DATA TO PROCESS: Begin
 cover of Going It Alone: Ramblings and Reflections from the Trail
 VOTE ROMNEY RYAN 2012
DATA TO PROCESS: End
DATA TO PROCESS: Begin
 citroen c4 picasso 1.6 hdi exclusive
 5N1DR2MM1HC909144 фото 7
DATA TO PROCESS: End
> [YOUR GOAL]
In the material above, locate the line containing "cover of Going" and the line containing "VOTE ROMNEY RYAN 2012". Transcribe exactly those two lines and every line between them, and nothing more.

> [WRITTEN ANSWER]
 cover of Going It Alone: Ramblings and Reflections from the Trail
 VOTE ROMNEY RYAN 2012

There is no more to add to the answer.